# What is the easiest dressage test for a first timer?



## lauraheads (8 February 2009)

I am thinking about booking a dressage test!  
	
	
		
		
	


	





It will be my first ever one  
	
	
		
		
	


	




 and my girls first ever competition  
	
	
		
		
	


	





Can anyone recommend one that is simple to remember with as few difficult movements as poss! Thanks. 

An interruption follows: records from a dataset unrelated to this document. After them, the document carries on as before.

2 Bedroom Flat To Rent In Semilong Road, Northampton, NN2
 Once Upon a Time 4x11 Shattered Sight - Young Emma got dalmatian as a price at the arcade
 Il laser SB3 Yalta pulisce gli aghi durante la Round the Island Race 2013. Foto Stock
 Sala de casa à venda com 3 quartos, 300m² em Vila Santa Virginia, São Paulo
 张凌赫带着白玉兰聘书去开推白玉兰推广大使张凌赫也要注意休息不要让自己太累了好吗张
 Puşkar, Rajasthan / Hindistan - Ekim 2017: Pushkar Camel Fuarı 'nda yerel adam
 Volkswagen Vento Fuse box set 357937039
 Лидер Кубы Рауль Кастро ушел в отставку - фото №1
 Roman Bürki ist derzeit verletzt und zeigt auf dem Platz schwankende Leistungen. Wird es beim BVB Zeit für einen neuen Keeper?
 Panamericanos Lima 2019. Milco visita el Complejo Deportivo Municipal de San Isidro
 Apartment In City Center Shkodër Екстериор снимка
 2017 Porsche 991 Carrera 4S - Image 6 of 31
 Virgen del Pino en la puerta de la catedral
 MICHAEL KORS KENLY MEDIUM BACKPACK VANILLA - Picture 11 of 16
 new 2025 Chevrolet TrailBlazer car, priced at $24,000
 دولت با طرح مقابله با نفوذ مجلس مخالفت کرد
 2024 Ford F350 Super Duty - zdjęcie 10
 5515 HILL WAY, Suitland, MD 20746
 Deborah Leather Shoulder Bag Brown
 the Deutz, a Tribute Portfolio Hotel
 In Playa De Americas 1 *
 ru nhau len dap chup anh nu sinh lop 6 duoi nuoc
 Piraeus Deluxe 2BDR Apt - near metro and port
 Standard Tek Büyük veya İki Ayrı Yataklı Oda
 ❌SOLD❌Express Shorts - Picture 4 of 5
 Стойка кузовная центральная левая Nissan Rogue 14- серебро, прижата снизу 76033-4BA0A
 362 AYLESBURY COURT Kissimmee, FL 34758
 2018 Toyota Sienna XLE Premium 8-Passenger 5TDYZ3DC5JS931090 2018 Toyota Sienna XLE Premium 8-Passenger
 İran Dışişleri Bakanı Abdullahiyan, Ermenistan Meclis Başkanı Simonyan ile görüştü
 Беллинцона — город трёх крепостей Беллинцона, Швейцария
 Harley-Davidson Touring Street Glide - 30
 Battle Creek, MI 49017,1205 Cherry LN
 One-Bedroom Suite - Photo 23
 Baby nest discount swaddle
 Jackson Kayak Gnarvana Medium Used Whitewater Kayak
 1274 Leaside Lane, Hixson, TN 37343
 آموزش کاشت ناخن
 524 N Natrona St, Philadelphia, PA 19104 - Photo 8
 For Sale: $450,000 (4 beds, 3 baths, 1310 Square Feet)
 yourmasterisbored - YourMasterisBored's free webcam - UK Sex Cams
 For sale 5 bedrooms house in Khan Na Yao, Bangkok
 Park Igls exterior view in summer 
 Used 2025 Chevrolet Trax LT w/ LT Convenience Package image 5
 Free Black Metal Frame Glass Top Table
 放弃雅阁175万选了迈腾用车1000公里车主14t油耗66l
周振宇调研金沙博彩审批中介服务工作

I have seen one in six weeks at Myerscough that is a p10? I have no idea what that is like though! Also where do you get dressage tests from?

Thanks


----------



## michaelj (8 February 2009)

Me and bob are going to try and learn P7...


----------



## xmoodyxmarex (8 February 2009)

Prelim 1,4 and 7 are all simple and quite easy to remember   
	
	
		
		
	


	





P10 has canter across the diagonals IIRC, so maybe a bit harder, but I guess it depends what you and your horses strong points are   
	
	
		
		
	


	





You can buy the tests off dressagediagrams or British Dressage, or your local saddlery may sell them


----------



## arwenplusone (8 February 2009)

www.dressagediagrams.com  or your local tack shop.

Prelim 7 is the easiest IMO and is a common one.

But Prelim 10 is also pretty straightforward.  
Good luck!


----------



## Divasmum (8 February 2009)

You can get test sheets online from the British Dressage website. Prelim 10 flows quite well and is a good one to try. Good luck and enjoy.


----------



## michaelj (8 February 2009)

OOH, I'm glad 7 is easy! haha


----------



## Janette (8 February 2009)

Personally, I find P10 harder than the others - as somebody else has said.  It has a lot of canter in it and that canter across the diagonal......  ( _shudders_ )  However, if canter is one of your strengths then go for it.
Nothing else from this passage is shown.